La historia cuenta que, después de visitar a distintos contactos, llegaron a una primerísima marca del mundo del surf que solo hacía remeras y shorts. Los Aguerre preguntaron si tenían sandalias y les mostraron sus modelos. “Háganlas ustedes”, les respondieron. Fue el disparador. Compraron una fábrica que producía un modelo muy básico e invirtieron en montaje para lograr el producto sofisticado que llegaría luego a las playas de todo el mundo. “Las nuestras se convirtieron en las sandalias de los surfistas porque no había ni competencia, cuando empezamos no había nada”, recuerda.
Mientras se calzaba con gusto el traje de CEO de Reef, “El Rata” no abandonaba las olas y, de alguna manera, empezaba a formar al dirigente que es hoy. Fernando ama los tablones, los longboards. Fue en esa época cuando lo incorporaron a un equipo argentino que participó de una competencia continental. Allí mismo, entre pruebas y reuniones, creó la Asociación Panamericana de Surf. Dos días después le puso fecha al Primer Torneo Panamericano, en Isla Margarita.
Más tarde viajó a Río de Janeiro con un equipo argentino comandado por su hermano. Allí, en paralelo con la competencia, se desarrollaron las elecciones de la ISA, máximo organismo del surf. Alguien, no recuerda quién, lo alentó: “Presentate”. Fernando se subió a esa ola y sumó 16 votos de los 31 posibles. “Pasé de jugador de un equipo a presidente de la FIFA”, precisa.
–¿Por qué vendieron Reef?
–En 2005 sentimos que era hora de salir. Era un éxito, la empresa crecía en todo el mundo, pero ya no estábamos para eso. Era lo suficientemente grande como para vender y tener tranquilidad económica.

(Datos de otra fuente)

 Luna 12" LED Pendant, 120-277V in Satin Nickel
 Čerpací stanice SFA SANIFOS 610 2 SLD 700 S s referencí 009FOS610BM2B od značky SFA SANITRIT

–¿Estabas preparado para no trabajar más?
–Fue una depresión. La vida, para mí, era la empresa. Todo era Reef. Los que nos compraron nos dieron 30 días para vaciar oficinas. “Vos sos Fernando, algo más vas a hacer”, me dijo un amigo.
–¿Y dónde pusiste el foco?
–Me concentré en la campaña de surf olímpico que venía lenta. La empecé en 2008 y le puse todo. Lo que hasta entonces parecía imposible, yo me encargué de que fuera inevitable.
–La dirigencia olímpica es de elite.
–Un día estoy hablando con alguien sobre llegar a los Juegos Olímpicos con el surf. Al rato llega un colaborador y le dice: “Su Alteza Real, nos tenemos que ir”. Era Federico, príncipe y futuro rey de Dinamarca. Como él, aparecieron nuevas caras. Los que decían que no al surf empezaban a irse y llegaban otros que decían que sí.
–¿Cómo encaja tu perfil entre la solemnidad de los dirigentes olímpicos?
–Siempre fui disruptivo. Los anillos olímpicos son sagrados, no podés meterte con eso. Y yo me aparecí en una reunión del COI con un saco con los anillos estampados en la espalda. ¡Hasta el presidente me pidió una foto!
–¿Para ellos sos “el loco del surf”?
–Ya me conocen, saben que soy el personaje. Antes iba a los Juegos como invitado, ahora soy presidente de una Federación y soy parte del COI. Me pongo un traje estampado con algas y el Gran Duque de Luxemburgo (por Su Alteza Real Enrique) me dice: “Esto es increíble”. Ser exótico es mi marca. Se convirtió en un beneficio. Llego y se ríen, se cagan de risa. Y si se ríen, ya entraste. Todos usan corbata, yo moño. Y a la noche me saco la camisa blanca, me pongo la hawaiana y el saco, colgantes de caracol, un tiki de ballena azul que me hizo un jefe maorí…
–¿El surf puede ser algún día un deporte popular?
–Es lindo ver cómo la gente se copa con el surf, pero mi esperanza es que además se copen con la defensa del mar. El surf te hace bien antes de llegar a la playa. Tu cabeza cambia, el que empieza nunca deja. En el mundo recetan surf para distintos problemas. El Duke (Kahanamoku, creador del surf moderno) tenía razón.